Herein, we demonstrate using murine and human in vitro systems that IFITM3 interactions with the reticulon family member Nogo-B represent a key mechanism for the regulation of inflammatory cytokine production induced by TLRs and evolutionary diverse viruses, and we demonstrate an important role for the Nogo-B/TLR axis in viral pathogenesis in vivo. We identified dendritic cells as the key cell type responsible for producing excess IL-6 during MCMV-induced inflammation in IFITM3-deficiency. DCs play a key role in bridging the innate and adaptive immune system53 and the production of inflammatory cytokines by DCs requires careful balance to ensure sufficient orchestration of antiviral immunity without exacerbating pathology.

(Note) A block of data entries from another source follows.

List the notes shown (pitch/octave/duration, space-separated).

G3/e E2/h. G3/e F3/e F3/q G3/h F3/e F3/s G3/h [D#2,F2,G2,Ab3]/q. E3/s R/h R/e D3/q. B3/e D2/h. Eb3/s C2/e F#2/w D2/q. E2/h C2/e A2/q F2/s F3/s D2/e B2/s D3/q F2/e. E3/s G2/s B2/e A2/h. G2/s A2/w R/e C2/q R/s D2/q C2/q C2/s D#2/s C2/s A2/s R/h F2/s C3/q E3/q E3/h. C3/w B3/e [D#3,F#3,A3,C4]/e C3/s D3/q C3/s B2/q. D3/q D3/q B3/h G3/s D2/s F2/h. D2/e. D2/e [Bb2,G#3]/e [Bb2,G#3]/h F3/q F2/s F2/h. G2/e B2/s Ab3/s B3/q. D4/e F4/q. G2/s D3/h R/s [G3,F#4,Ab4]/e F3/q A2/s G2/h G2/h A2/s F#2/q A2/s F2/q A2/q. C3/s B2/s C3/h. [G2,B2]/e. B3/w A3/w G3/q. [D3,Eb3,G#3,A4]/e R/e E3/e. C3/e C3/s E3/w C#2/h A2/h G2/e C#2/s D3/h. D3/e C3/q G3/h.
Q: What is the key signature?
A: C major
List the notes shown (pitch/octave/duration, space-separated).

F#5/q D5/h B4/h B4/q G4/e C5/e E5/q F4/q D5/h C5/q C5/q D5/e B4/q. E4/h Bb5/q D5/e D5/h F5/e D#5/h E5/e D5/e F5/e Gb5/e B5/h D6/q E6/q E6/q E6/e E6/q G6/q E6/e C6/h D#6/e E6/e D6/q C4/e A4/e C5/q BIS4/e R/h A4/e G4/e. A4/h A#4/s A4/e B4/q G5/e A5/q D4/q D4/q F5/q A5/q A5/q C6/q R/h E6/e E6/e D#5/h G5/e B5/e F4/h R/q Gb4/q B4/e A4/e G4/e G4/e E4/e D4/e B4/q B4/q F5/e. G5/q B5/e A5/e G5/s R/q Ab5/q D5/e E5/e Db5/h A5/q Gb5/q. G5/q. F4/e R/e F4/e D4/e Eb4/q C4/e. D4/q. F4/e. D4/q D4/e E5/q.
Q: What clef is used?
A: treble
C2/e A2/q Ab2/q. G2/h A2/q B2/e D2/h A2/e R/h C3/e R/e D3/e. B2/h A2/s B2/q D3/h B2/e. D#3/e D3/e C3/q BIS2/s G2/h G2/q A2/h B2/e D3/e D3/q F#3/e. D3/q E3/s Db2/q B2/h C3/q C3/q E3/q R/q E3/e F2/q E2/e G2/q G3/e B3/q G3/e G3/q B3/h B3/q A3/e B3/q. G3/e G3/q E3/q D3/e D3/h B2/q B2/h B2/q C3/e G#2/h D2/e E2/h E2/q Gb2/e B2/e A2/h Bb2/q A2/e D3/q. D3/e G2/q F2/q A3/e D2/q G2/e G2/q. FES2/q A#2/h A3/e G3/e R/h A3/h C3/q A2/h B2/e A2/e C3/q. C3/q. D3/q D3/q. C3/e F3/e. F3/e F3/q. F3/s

Nogo-B, one of the major isoforms of the RTN4 gene, is a widely expressed reticulon protein that is thought to be involved in formation and stabilisation of the ER42. However, the role of Nogo-B in immune regulation has been recently suggested, with data indicating a role for Nogo-B in fine-tuning intracellular TLR pathways by influencing their locality within cells, certainly in the case of delivery of TLR9 to endolysosomes44. Furthermore, Nogo-B promotes surface expression of TLR4 and TLR-induced cytokine production in macrophages43. In our study, we observed co-localisation of TLR2 and Nogo-B, and knockdown of Nogo-B led to alterations in TLR2 movement within the cell after viral stimulation. Thus, it is possible that Nogo-B influenced virus-induced cytokine production by directly altering TLR movement. However, TLR2 is internalised following activation54 and altered TLR2 dynamics in our experiments may reflect alterations in initial activation rather than trafficking per se. Interestingly, Nogo-B regulates the generation of sphingolipids, which are key components of lipid rafts55,56. Nogo-B is also enriched in lipid domains57 which may also directly impact on TLR activation. Thus, Nogo-B may alter TLR signalling dynamics by influencing lipid raft structure which may be relevant for TLRs located either at the cell surface or endosomal compartment.
While reticulon proteins have been implicated in peripheral ER shaping58, the data here support an IFITM3-regulated interaction with TLRs at the plasma membrane and in endosomal compartments. Other non-ER examples of plasma membrane and endosomal partners for Rtn proteins include BACE proteinases59, Cis-prenyltransferases60,61, LILRB262,63 and Rtn4R64,65. Thus, the regulation of TLR function is consistent with other non-ER Rtn roles. Our IP studies revealed the presence of both Rtn3 and Nogo/Rtn4 in IFITM3 complexes. While functional studies of Nogo/Rtn4 deletion yielded prominent effects on CMV-induced cytokine production, the role of Rtn3 may be partially redundant and combined Rtn3/4 deletion may yield even greater effect. While the current study focuses on viral infection and dendritic cells, the prominent expression of Rtns in the brain suggests that the mechanisms defined here may contribute in the regulation of TLR function for a range of neuro-inflammatory diseases.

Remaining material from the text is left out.